Elizabeth Scott of Shadwell, ‘widow & pentioner’, is entered into the parish’s burial register on 8 May 1626, one year after her appointment as a searcher of the dead.[10] Mary, ‘wife of William Oswell of Shadwell[,] mariner’, followed just under a year later on 6 March 1627.[11] By tracing Mary and William Oswell through the parish registers of Stepney, Wapping, and St Katherine by the Tower, it becomes clear that Mary lost a three-year-old son a month after becoming a searcher, and left an eight-year-old daughter and two-month-old son behind after her death.[12] William, perhaps owing to his need for childcare and an imminent return to sea, remarried just three months later.[13]
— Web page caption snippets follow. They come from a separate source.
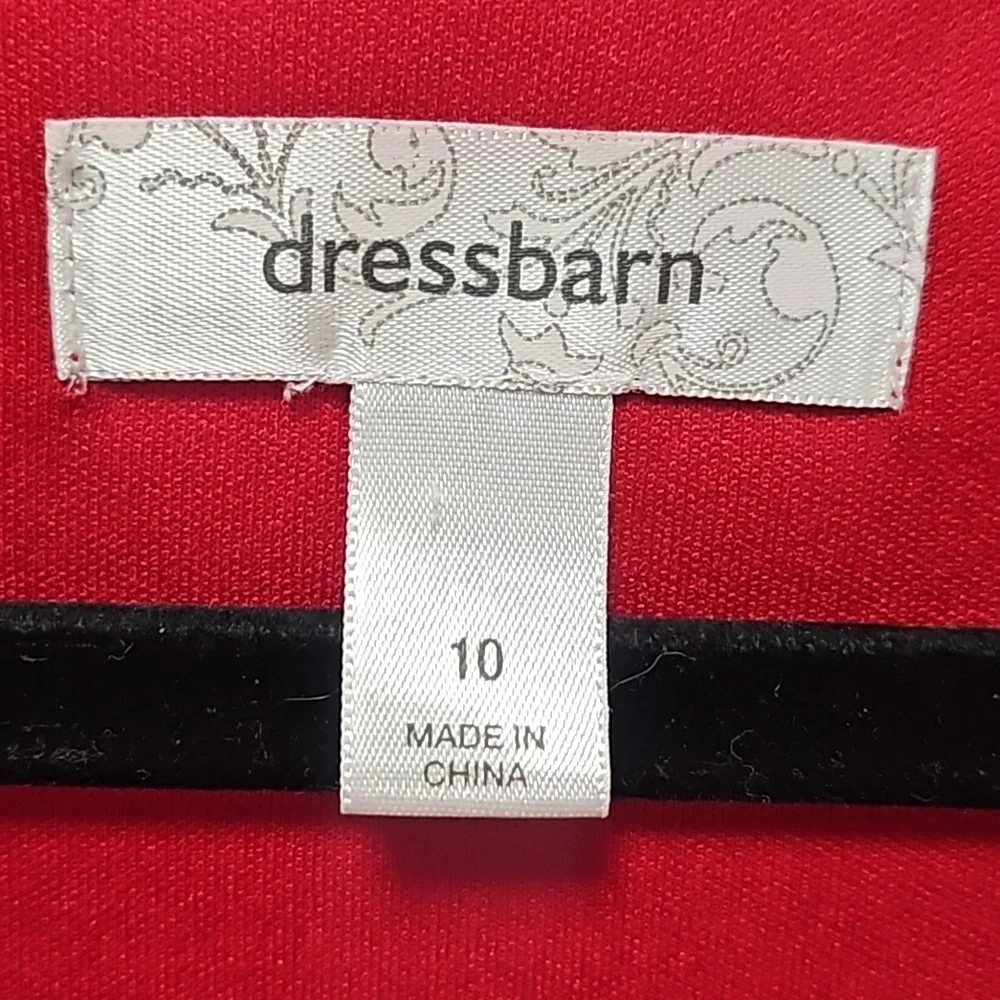 ✨️Gorgeous Dress Barn Red Hot Dress Size 10 - Picture 6 of 14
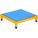 STEP STOOL, YELLOW, 7 IN H, STEEL, POWDER COATED FINISH, ADJUSTABLE, 24 IN X 24 IN, 5 TO 8 IN H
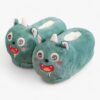 Chausson Monstre Peluche Vert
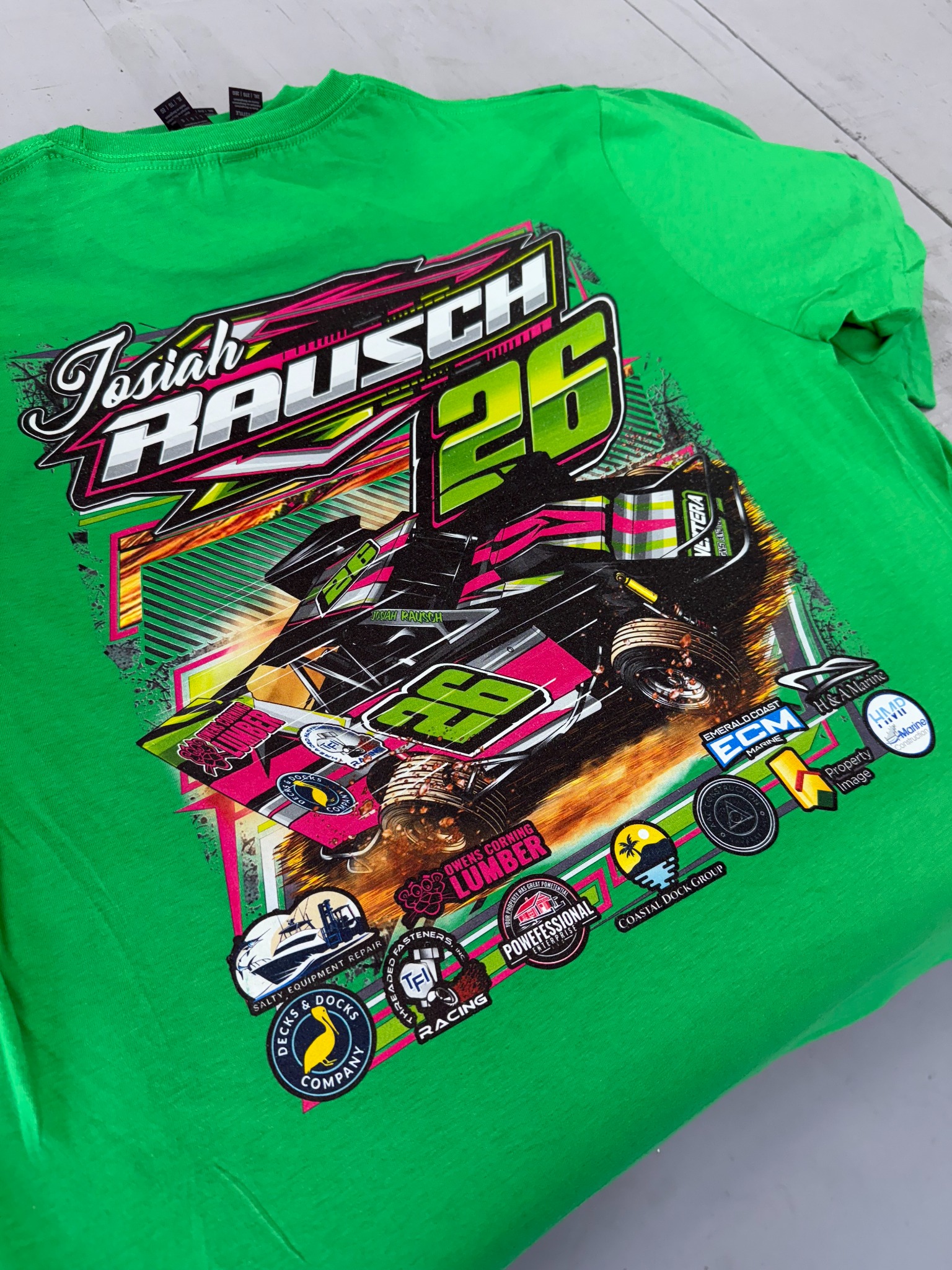 BlackAcid Custom Racing Apparel Facebook ad from Feb 13, 2026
The above example illustrates that although women’s names are almost entirely absent from Stepney’s vestry minutes, women did indeed perform civic office and play vital roles in the management of their communities, as has been explored in fantastic detail by the Women’s Work in Rural England, 1500-1700 project. However, in this instance, it is possible that Elizabeth Scott and Mary Oswell did not have much choice in the matter. In The Launching of the Mary by Walter Mountfort, a drama composed by the middle-ranking East India Company merchant during his 1632 return to Stepney from Persia, the hardships of mariners’ wives are extensively portrayed. The characters Mary Sparke and Isabel Nutt testify that the ‘two months paye a year’ provided by the East India Company is not ‘able to keep’ them whilst their husbands are at sea, and the character Dorotea conveys the need to ‘sitt at shopworke’ to ‘gett a liuinge by hard hand-labour’ during the ‘discontinuance of theyr husbands’.[14] Bearing in mind William Oswell’s profession, and the age of their children, it is possible that Mary Oswell found herself in a similar position. 

Civic Benefaction

So far I have argued that while the office of sexton might not have been the most desirable or respected occupation, it was nonetheless a necessary job that provided a secure position and reasonable economic stability – as long as you behaved and did as the vestry asked. While the reputation gained from performing the role of sexton might not be transferrable to another parish, and there is no evidence in Stepney of individuals advancing from sexton to a higher parochial office, the parish’s sextons seem to consistently hold positions somewhere between securely middling and of the lower-middling sort.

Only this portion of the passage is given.